IIU Rector, in his speech said that Theatre has great social significance. It has the potential to teach through showing not telling. He said Human beings, especially in their childhood phase learn a lot of things through observation. They imitate others and imitation of action, in the words of great Greek philosopher Aristotle, is the basis of drama. Rector IIU said If we want to instill positive values in our society, we can use theatre to do this and vice versa.

Referring to the work of Bryan and oppression in the world specially talking about the children protest and plight in Kashmir, Dr. Masoom said that the world is passing through a difficult phase in its history.
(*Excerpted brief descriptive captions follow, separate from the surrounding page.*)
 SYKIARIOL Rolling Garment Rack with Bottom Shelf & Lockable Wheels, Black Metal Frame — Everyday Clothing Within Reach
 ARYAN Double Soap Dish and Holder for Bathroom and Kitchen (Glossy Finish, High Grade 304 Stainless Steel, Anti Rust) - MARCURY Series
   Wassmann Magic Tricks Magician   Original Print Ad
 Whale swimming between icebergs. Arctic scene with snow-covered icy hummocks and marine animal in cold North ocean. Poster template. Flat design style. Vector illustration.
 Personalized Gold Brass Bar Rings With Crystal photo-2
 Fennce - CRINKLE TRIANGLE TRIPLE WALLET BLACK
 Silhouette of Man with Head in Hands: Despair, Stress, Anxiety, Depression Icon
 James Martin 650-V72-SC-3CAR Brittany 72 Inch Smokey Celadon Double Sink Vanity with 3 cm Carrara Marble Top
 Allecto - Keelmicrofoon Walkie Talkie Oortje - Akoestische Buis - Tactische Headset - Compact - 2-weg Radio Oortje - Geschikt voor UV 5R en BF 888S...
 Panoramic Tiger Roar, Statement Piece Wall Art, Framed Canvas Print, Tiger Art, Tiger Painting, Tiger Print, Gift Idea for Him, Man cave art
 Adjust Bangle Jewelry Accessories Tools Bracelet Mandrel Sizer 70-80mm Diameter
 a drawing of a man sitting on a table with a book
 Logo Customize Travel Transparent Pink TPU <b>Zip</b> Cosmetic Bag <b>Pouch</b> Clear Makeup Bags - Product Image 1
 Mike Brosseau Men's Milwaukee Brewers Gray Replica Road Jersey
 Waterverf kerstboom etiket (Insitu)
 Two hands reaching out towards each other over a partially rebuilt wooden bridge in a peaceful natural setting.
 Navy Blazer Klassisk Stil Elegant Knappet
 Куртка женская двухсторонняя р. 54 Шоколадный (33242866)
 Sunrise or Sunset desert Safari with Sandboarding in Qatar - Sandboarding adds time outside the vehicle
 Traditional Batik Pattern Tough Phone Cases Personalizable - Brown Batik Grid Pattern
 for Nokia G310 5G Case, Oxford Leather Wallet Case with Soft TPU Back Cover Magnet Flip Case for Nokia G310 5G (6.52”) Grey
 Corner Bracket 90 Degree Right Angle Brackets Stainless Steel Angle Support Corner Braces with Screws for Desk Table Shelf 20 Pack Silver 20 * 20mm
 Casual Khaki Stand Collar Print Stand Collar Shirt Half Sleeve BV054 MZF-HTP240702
"There are wars, occupations, bloodsheds. There are oppressed and oppressors. As practitioners of theatre, it is the duty of directors and artists to highlight the oppressor as the oppressor and the oppressed as oppressed."

He said if the Kashmir crisis was considered, it is almost a month that people of Kashmir are living under the curfew.

“The world has almost turned a deaf ear to the plight of Kashmiris. No one is paying any attention to their screams, children are being blinded by the pellet gun,” he said.

He hoped that our distinguished guest would highlight the plight of Kashmiris as he has done for Palestinians thorough his play Nabi Saleh that has shown the plight of people of Palestine” said IIU Rector.

The audience asked questions about the works of Professor especially regarding the theme of his drama Nabi Saleh, protest tourism and plight of being in oppression in front of other nations, which were answered in detail by the speaker of talk. In the end, a university crest was presented to Professor Bryan Reynolds.